テリボンズクのいう通り、魔族の文化なんてものはまったく理解していない。もし、虫を当然のように食べる文化があるといわれてもすぐに適応することは俺にはできない。どんなおいしそうな顔で渡されても虫というだけで食うのは難しいだろうな。とはいえ、この世界のことなんて何も知らないのが現状だ。魔族の文化どころか人間の文化すら怪しい。俺の世界と同じような生活をしている……どう考えても魔法なんてものがあればそれに沿った文化が発達していくだろうな。
「そこのフォローはテリボンズクの仕事だろ。俺が人間だってバレたらまずいのはテリボンズクだって一緒なんだ。ちゃんと協力してもらうぞ」
ここに関してはテリボンズクの協力を仰ぐ以外に選択肢がない。俺が一人で町を歩いてゆっくりと生活に馴染んでいくにしても最初が鬼門だ。何事も始めが肝心だからな。盛大に失敗して住民たちから不信感を持たれたりしたら一大事だ。

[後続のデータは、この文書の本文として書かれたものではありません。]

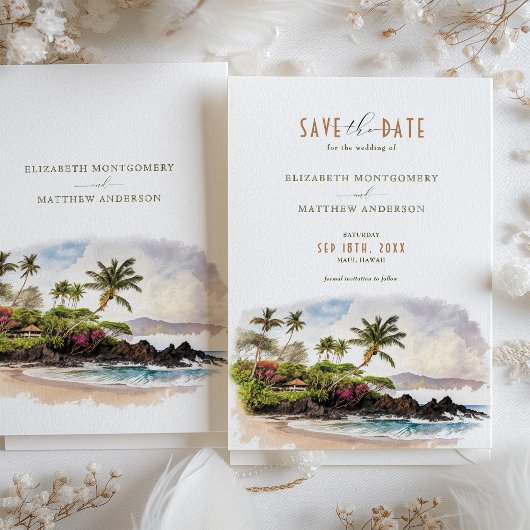 Maui Hawaii Save the Date Hochzeit in Urlaubsort Einladung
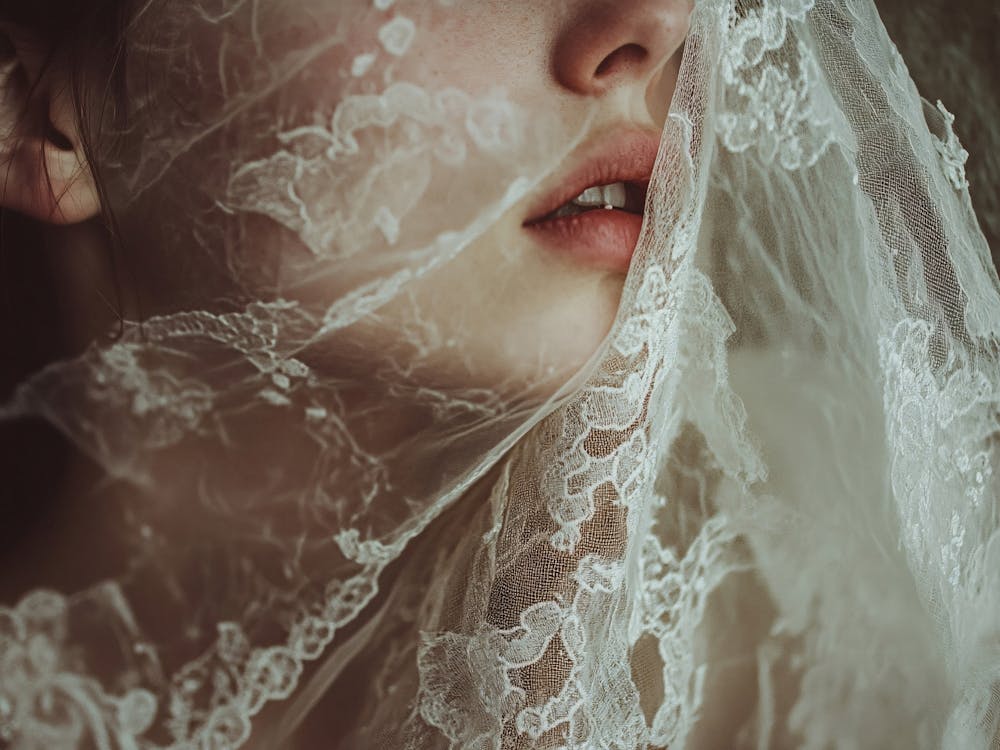 Veil of Bride at Wedding Close-Up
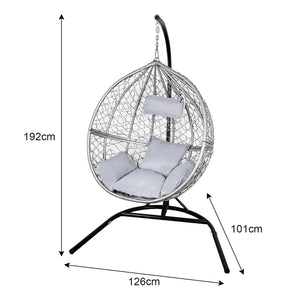 Sedia a Dondolo a Uovo Poltrona Sospesa in Vimini Rattan da Giardino Poltroncina Sedia a Sospensione - Grigio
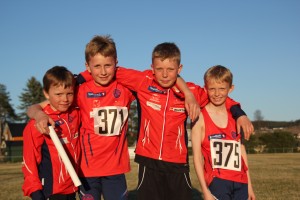 Simen B,Simen F,Andreas og Martin etter 4x60m stafett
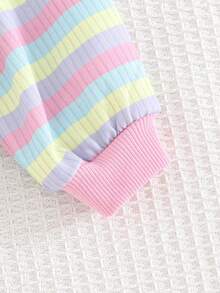 Cozy Pixies 女婴彩色条纹花卉刺绣圆领长袖套头卫衣，舒适、百搭、时尚、可爱、休闲，适合日常穿着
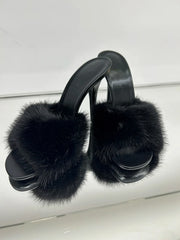 Faux Fur Slide High Heel Mules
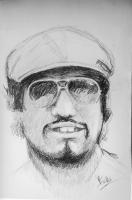 Ponch Rough Sketch - Graphite On Paper Drawings - By Michael Selley, Bw Portrait Realist Drawing Artist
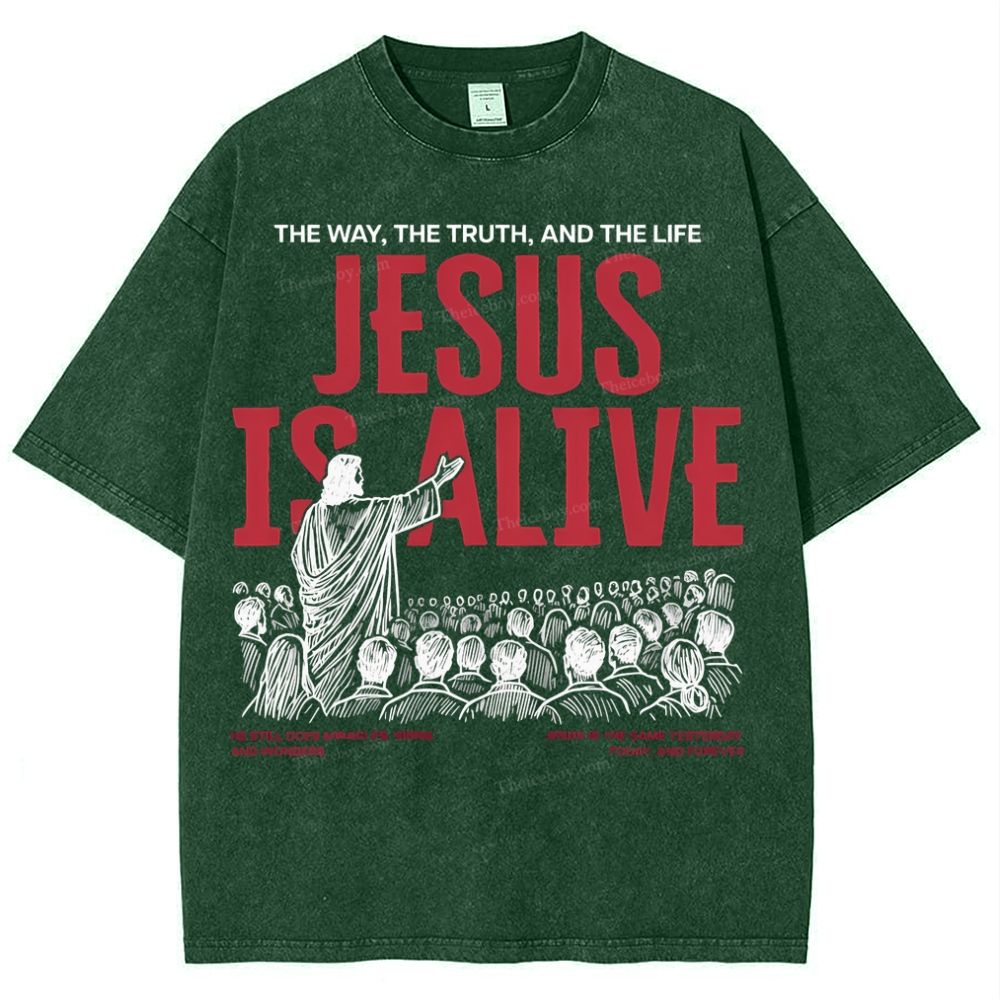 Jesus Is Alive Christian Snowflake Vintage Washed T-Shirt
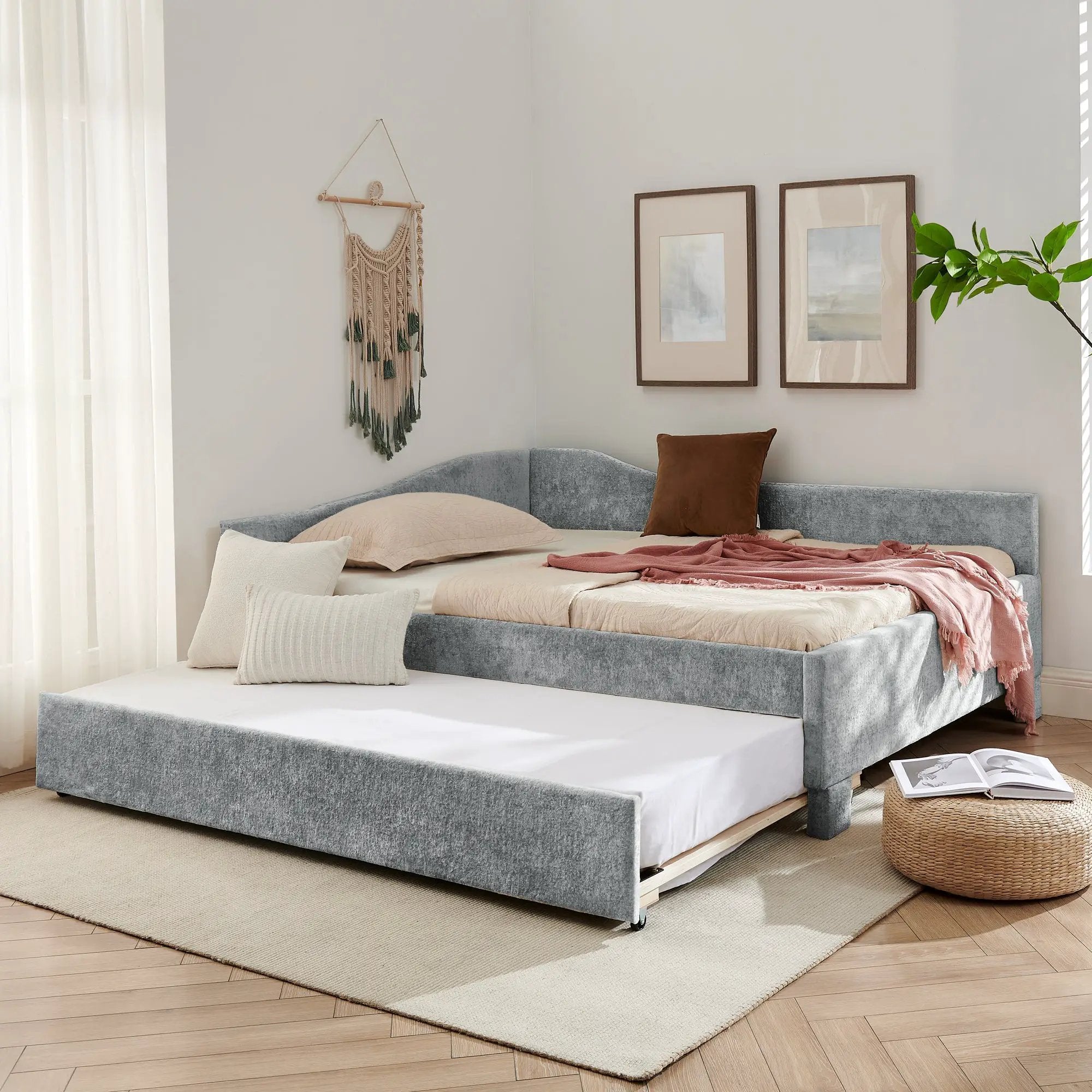 Full Size Curved Round Edge Padded Backrest Daybed by HouseOfZazla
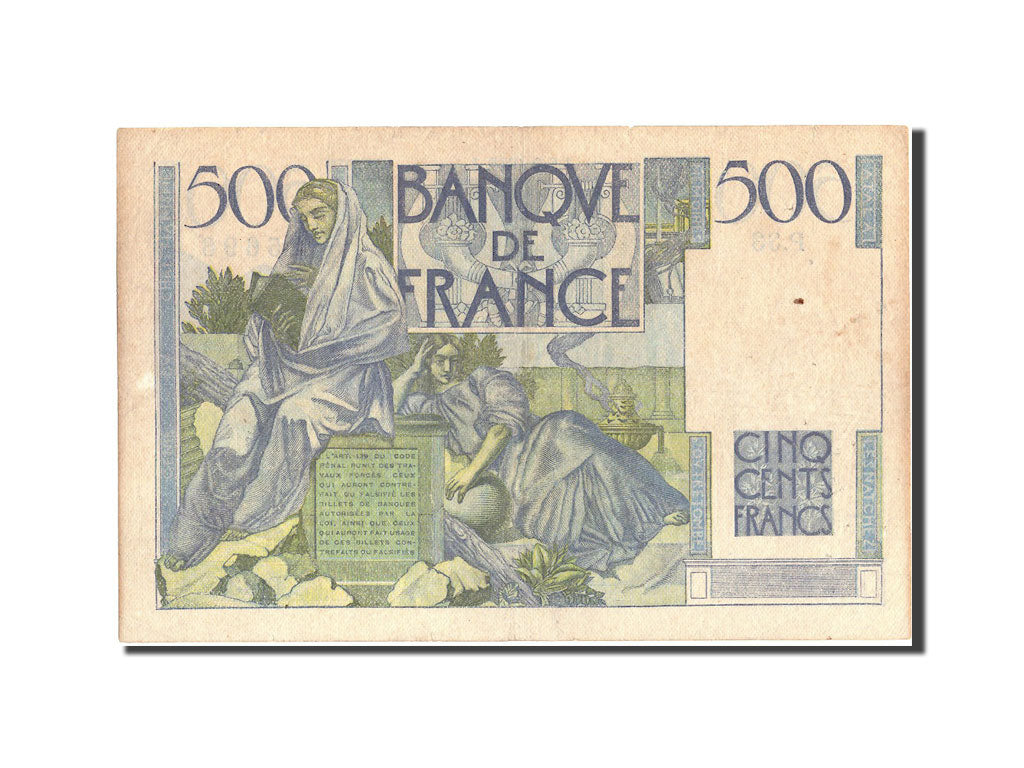 France, 500 Francs, 500 F 1945-1953 ''Chateaubriand'', 1945, KM:129a, 1945-06...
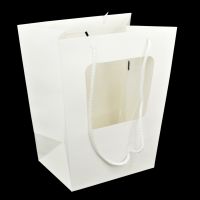 Сумка бумажная с пластиковым окном, 35 х 30 х 18 см, 10 шт, белый, Z6-11 - вид 1 миниатюра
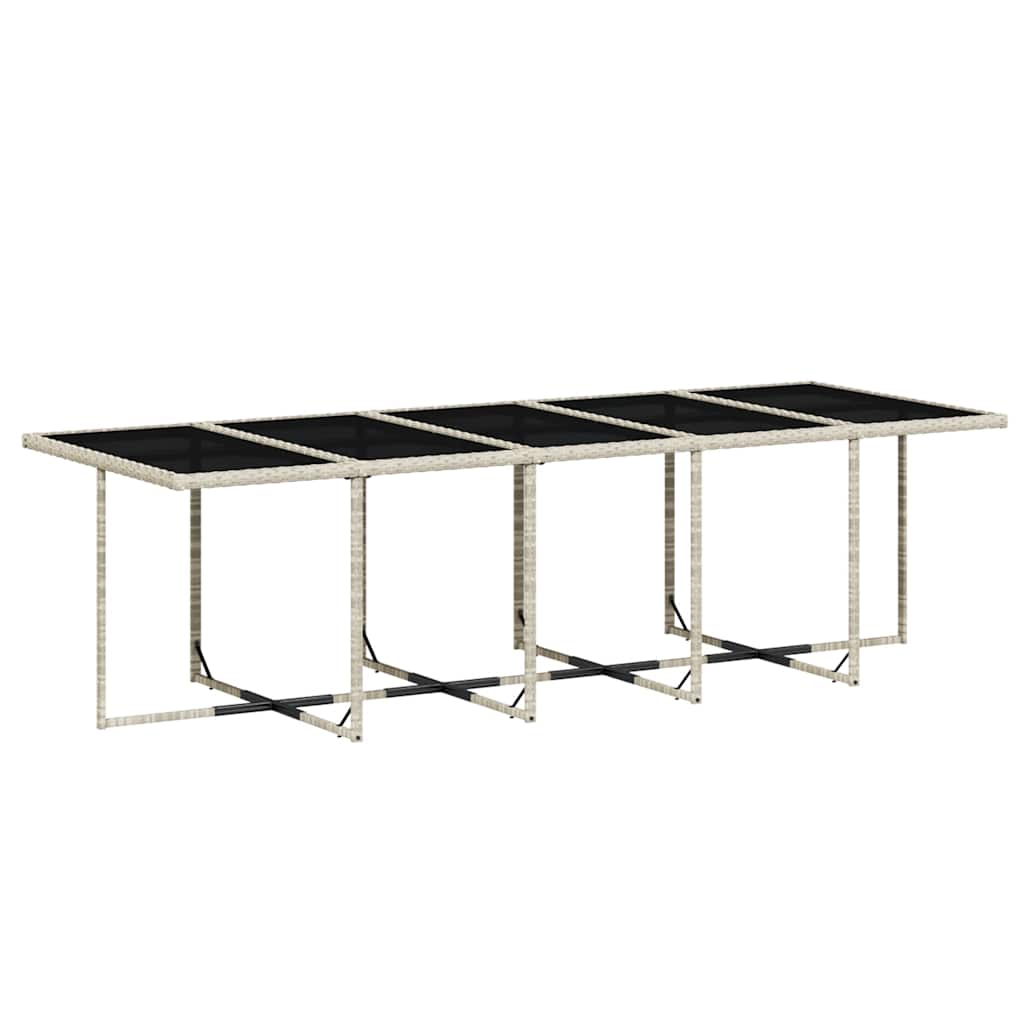 11 részes világosszürke polyrattan kerti ülőgarnitúra párnákkal 4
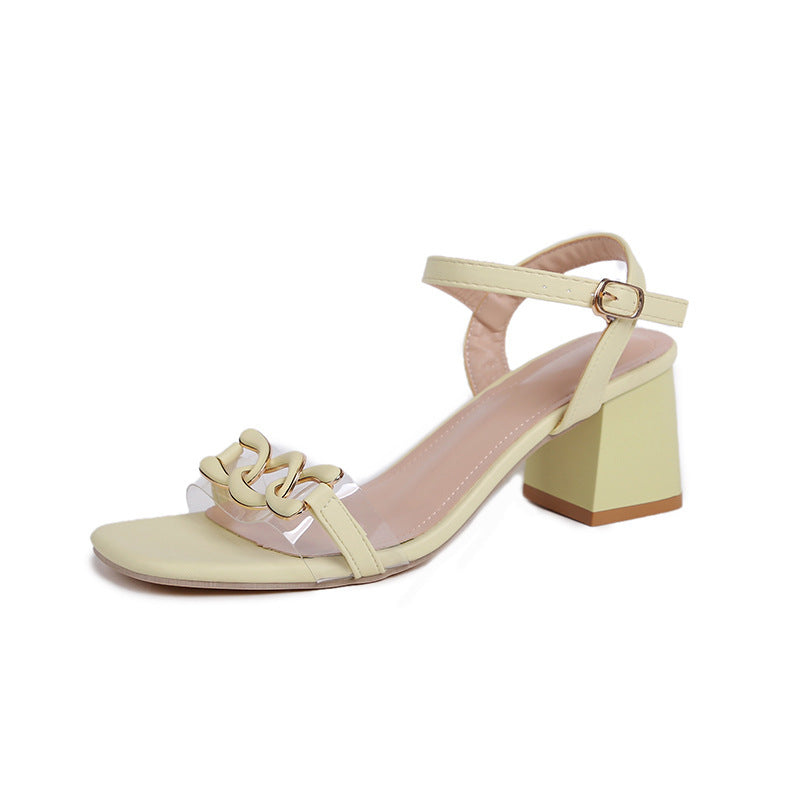 Women’s Square Open Toe High Heels with Buckle Women's Square Toe Open Toe High Heels W | Ectron Online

「もちろん俺の手が届く範囲内では手助けしていくつもりだが、俺も魔王軍の四天王だ。ずっとこの町にいられるわけじゃないぞ? 俺がいないときはこの家でおとなしくしておいてくれよ」
「無理だな。俺がじっとおとなしくできるようなタイプの人間に見えるか? どこからどう見ても落ち着きのないタイプだろう。俺がじっとできるのはそれに見合うだけのご褒美がある時だけだ!! テリボンズクは俺にどんな条件を提示できるんだ?」
「なぜ、匿ってやってる俺の方に何かを求めてきてるんだよ。逆だろ。コンキチが俺に大して感謝の気持ちで何かを用意するのならわかるが俺がコンキチに何か上げないといけないのは不可解だ」
まったくもって正論だ。反論ができない。俺は既にテリボンズクから助けてもらっている、その俺が家でじっとしていた程度のことで何か施しを受けようなんてあまりに都合のいい話だったんだ。もっと大きなことを成し遂げないと。
「俺が間違ってたよ。わかった。俺はテリボンズクのためになるようなことをして待ってるとする。別に今日からいなくなるわけじゃないんだよな? ずっといられる訳じゃないってことを伝えたかっただけだよな?」
「ああ、今のところは魔王様からの指示はない。町で待機していても問題ないだろうな。そうだな。コンキチには俺の修行に付き合って貰おうか。コンキチ相手なら気兼ねなく俺の魔法を試せるからな。それをこの家の家賃としておいてやろう」
すぐにどこかへ行くような指令は出ていないということだな。ひとまずは、一人にされる心配がなくなって安心だ。
修行に付き合うのか……正直面倒だな。まぁ、俺もおじいさんたち神様から貰った力の方は少しずつ強くしていかないといけないらしいからな。そっちの力の修行は一緒にできるかもしれない。
「あまり気乗りはしないけど、テリボンズクの頼みだし聞いてやるとするか。俺と修行なんて贅沢な真似はテリボンズク以外はできないんだからな。そこは理解しておいてくれよ」
「そうか? 俺はついてるってことか」
そういう解釈もできるな。偶然俺がテリボンズクの町の近くに転生してきて、仲間になるなんて幸運に違いない。俺としても魔王軍の四天王とすぐに知り合いになれたってのはとてつもない幸運なんだろうな。テリボンズクと出会ったおかげでいろいろなことがうまくいっている気がする。もし最初の場所で出会っていたのが普通の人間だったりしたらこんなにスムーズにことが進むことはなかっただろうしな。テリボンズク様に感謝、それとこの場所を選んでくれたおじいさんにも感謝だ。
「間違いないな。俺と出会ってなかったら今後生きていくうえで敵として俺と戦う可能性があったってことを考えてみろよ。もちろんそうなる可能性は限りなく低かったんだけどな。俺の目的は戦争を止めることだからな」
「俺の最強の魔法を無傷で耐えきる人間と戦うか……まるで勝機が見いだせないな」
「そうだろう? あの時俺が戦う気だったらテリボンズクは今頃ここにはいないんだぞ」
まるで意味のない話だが、俺に対する評価が少しでも上がればいいかと思いこんな話をしてみる。
実際のところ俺が攻撃していればテリボンズクはただではすまなかったはずだ。俺の忍耐力に感謝するべきなんだよ。